Named graph	Description	No. RDF triples
http://ns.inria.fr/covid19/graph/metadata	dataset description + definition of a few properties	170
http://ns.inria.fr/covid19/graph/articles	articles metadata (title, authors, DOIs, journal etc.)	3,722,381
http://ns.inria.fr/covid19/graph/entityfishing	named entities identified by Entity-fishing in articles titles/abstracts	35,049,832
http://ns.inria.fr/covid19/graph/entityfishing/body	named entities identified by Entity-fishing in articles bodies	1,156,611,321
http://ns.inria.fr/covid19/graph/bioportal-annotator	named entities identified by Bioportal Annotator in articles titles/abstracts	104,430,547
http://ns.inria.fr/covid19/graph/dbpedia-spotlight	named entities identified by DBpedia Spotlight in articles titles/abstracts	65,359,664
http://ns.inria.fr/covid19/graph/acta	argumentative components and PICO elements extracted by ACTA from articles titles/abstracts	7,469,234
Total		1,361,451,364

The example query below retrieves two articles that have been annotated with at least one common Wikidata entity.
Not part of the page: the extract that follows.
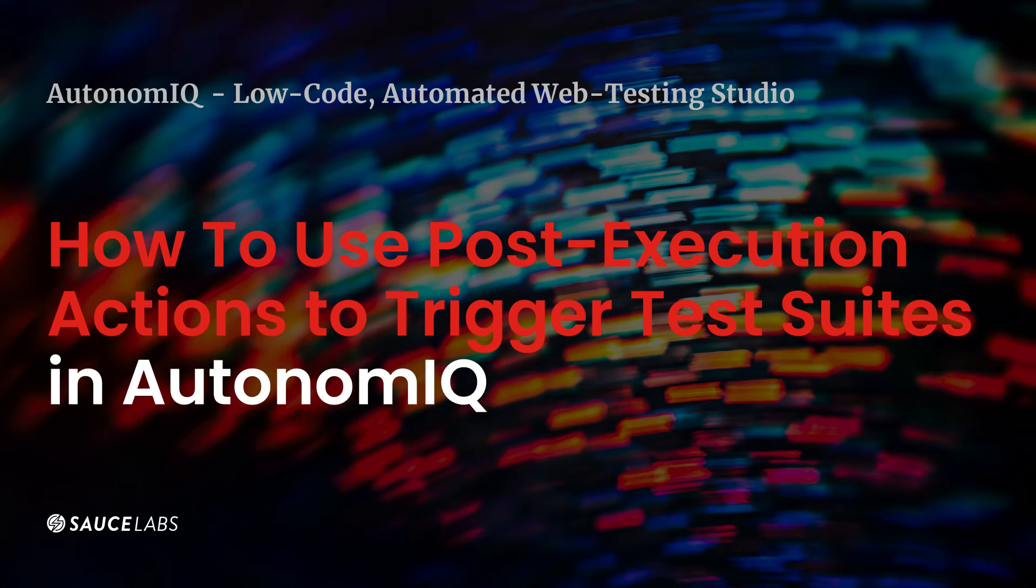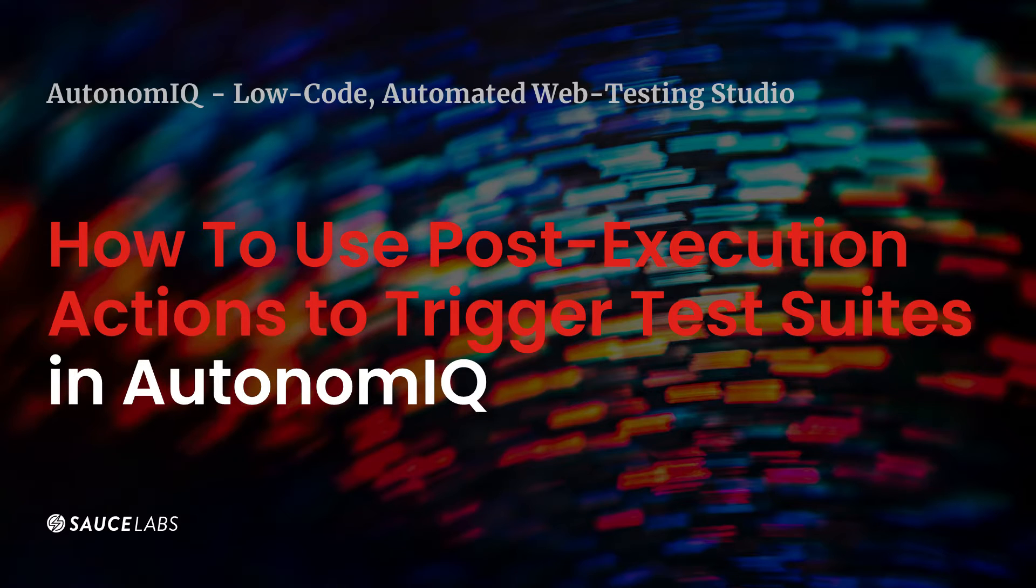In today's video, we're going to see what post-execution actions are and how to use them in Autonomic Sauce Labs Low-Code Automated Web Testing Studio.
select ?uri ?title1 ?title2
where {
  graph <http://ns.inria.fr/covid19/graph/articles> {
    ?paper1 a fabio:ResearchPaper; dct:title ?title1.
    ?paper2 a fabio:ResearchPaper; dct:title ?title2.
    filter (?paper1 != ?paper2)
  }
  
  graph <http://ns.inria.fr/covid19/graph/entityfishing> {
    ?a1 a oa:Annotation;
        schema:about ?paper1;
        oa:hasBody ?uri.
    ?a2 a oa:Annotation;
        schema:about ?paper2;
        oa:hasBody ?uri.
  }
} limit 10

License

See the LICENSE file.

Cite this work

When including Covid-on-the-Web data in a publication or redistribution, please cite this paper:

Franck Michel, Fabien Gandon, Valentin Ah-Kane, Anna Bobasheva, Elena Cabrio, Olivier Corby, Raphaël Gazzotti, Alain Giboin, Santiago Marro, Tobias Mayer, Mathieu Simon, Serena Villata, Marco Winckler. Covid-on-the-Web: Knowledge Graph and Services to Advance COVID-19 Research. International Semantic Web Conference (ISWC), Nov 2020, Athens, Greece. PDF

References

[1] Wang, L.L., Lo, K., Chandrasekhar, Y., Reas, R., Yang, J., Eide, D., Funk, K., Kinney, R.M., Liu, Z., Merrill, W., Mooney, P., Murdick, D.A., Rishi, D., Sheehan, J., Shen, Z., Stilson, B., Wade, A.D., Wang, K., Wilhelm, C., Xie, B., Raymond, D.M., Weld, D.S., Etzioni, O., & Kohlmeier, S. (2020). CORD-19: The Covid-19 Open Research Dataset. ArXiv, abs/2004.10706.

[2] T. Mayer, E. Cabrio, and S. Villata. ACTA a tool for argumentative clinical trialanalysis. In Proceedings of the 28th International Joint Conference on ArtificialIntelligence (IJCAI), pages 6551–6553, 2019.